Trying to take stock of how security breaches rise by the day in most African countries, even when they thought they were stable, is disturbing.

This is because law and order becomes some form of an extended fire and rescue force – reacting to emergencies all the time.

An evident reason is the army of unemployed youths in urban areas and rural residents whose lives are ruined by falling prices of crops and at times drought and lack of part-time rural labour opportunities. Without regular income, youths get wild and get busy hunting for shortcuts.

Commissioner Sabas said the prevalence of criminal incidents in Lake Victoria has gone down but they need to be eradicated so that people conduct their businesses without unending fear.

That was somewhat pleasant in that it implies that police already have workable law-enforcement strategies in the area – but it did not preclude the need for the task force meeting.

Police will strive to make sure that they work together with other stakeholders in sampling as much relevant information on crime as practicable so as to identify and close all hideouts or escape routes for culprits.

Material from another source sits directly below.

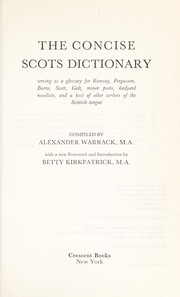 Cover of: Concise Scots Dictionary | Alexander Warrack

Police look determined to become especially active, but will this do in taming the tide of crime, if you will?

Host RPC Ramadhan Ng’anzi aptly said security in the lake concerns all stakeholders, as crime doesn’t discriminate and can pounce on anyone.

Representatives of the Tanzania Fishermen’s Union (TAFU) sounded somewhat scared, saying virtually each island has an evil-minded and far from well-intentioned gang ‘in control of the situation’.

Were it that these islands are put on long leases for individuals who can develop income-generating facilities without overfishing in the lake, their security would be enhanced, the gangs thrown out.

Going forward, it is hoped that options like this will also come under consideration so that the relevant authorities decide the modalities of implementing them.